To było ewidentnie oszustwo. Ja wiem, że jestem obiecującym człowiekiem i wiele osób się mnie obawia - słusznie zresztą. Dlatego wiem, że Monitel nie mógł tej walki wygrać, były naciski m.in z Kremla. Oni liczą, że tym powstrzymają moje przejęcie władzy na świecie - niesłusznie zresztą.
Offline
Jaki curu... na boxing.pl prowadzi jakiś gigastolec
eMCe obija się w obstawianiu tutaj, stracił formę i takie są wyniki... jak obstawiał regularnie to wygrał na obu stronach:)
A co do Montiela to też coś przeczuwałem..
Offline
Ja za jakieś 30 minut obejrzę walkę w Polsacie. Mimo, iż wynik znam, opinię również to zawsze warto looknąć. Także curu!

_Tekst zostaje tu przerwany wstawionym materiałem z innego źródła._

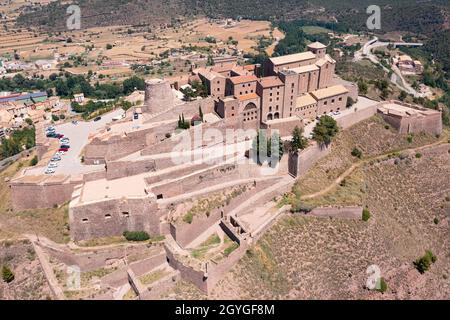 Aerial view of walled fortified castle of Cardona, Catalonia, Spain Stock Photo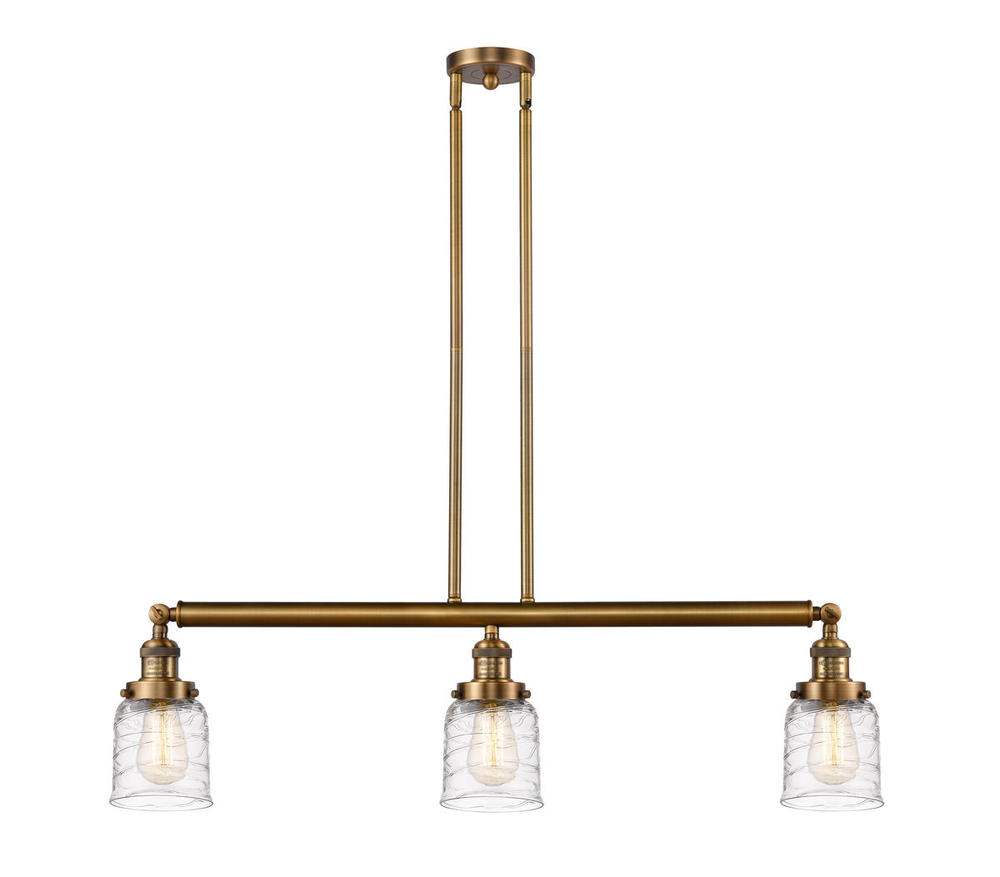 Bell - 3 Light - 38 inch - Brushed Brass - Stem Hung - Adjustable Island Light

Po "Aniele Stróżu" (film) który teraz leci na Polsacie, i po serii reklam zobaczymy walkę Diablo.
Offline
Siemanko po latach nieobecności!!!!!!!!!!!!!!!!!!!!
Napiszę krótko o ostatnich walkach!
Pudzian-Thompson II - siebie warci,pierwsza runda zdecydowanie Anglik,druga nieco mniej zdecydowanie Pudzian.Albo dogrywka albo Thompson,innej opcji po prostu nie było w tej walce.
Khalidov-jak zwykle w formie,zawodnik kompletny,może czas na wyzwania w UFC??? Tam są godni rywale i emocje gwarantowane.
Diablo-Znów jakiś taki zblokowany nieco,niby lepiej,ale i rywal dość przewidywalny,natomiast nokaut pierwsza liga.
Wolak został tym razem kompletnie obnażony przez Delvina,ale i tak go uwielbiam,ale chyba czas podjąć decyzję w sprawie budowy.
Helenius - zawiódł mnie na całej linii,zaś odchudzony Chisora zaskoczył in plus,naprawdę inna klasa niż w walce Furym,taki Chisora byłby moim faworytem z Furym.Zaś rewanż z Finem też wskazany.Może Fin po prostu miał słabszą walkę,a może styl Sweamera mu nie leży.Chisora momentami kapkę Ś.P.Fraziera mi przypominał.
Kostecki- piękne KO,ale na kompletnie wypalonym byłym mistrzu niższych wag,moim zdaniem dalej drepcze w miejscu,a tu mamy naprawdę plejadę świetnych zawodników w tej wadze.
No i weźcie mój bohater!!!!! Cotto który ośmieszał twardego i wcale nie wypalonego Gipsowego.Praca nóg,szybkość,technika i opanowanie były po prostu World Class!!!! Może walka z Delvinem????
Reszty walk nie lukałem w całości,no po za tymi z Hiltona,ale o nich nie ma co pisać,bo rywale polaków to po prostu kpina z kibica!!!!!!!
Offline
Ja kukłem 1 walke z Hiltona - w piórkowej walczył chyba ŁASZCZYK , jego przeciwnik nic nie widział zza gardy i uciekał po całym ringu. Dostał klapsika w bebechy i sobie upadł i nie chciało mu sie nawet wstawać. To było nawet śmieszne jak chyba caał ta gala. Po takich emocjach dalaej gali nie kukałem. To była kpina.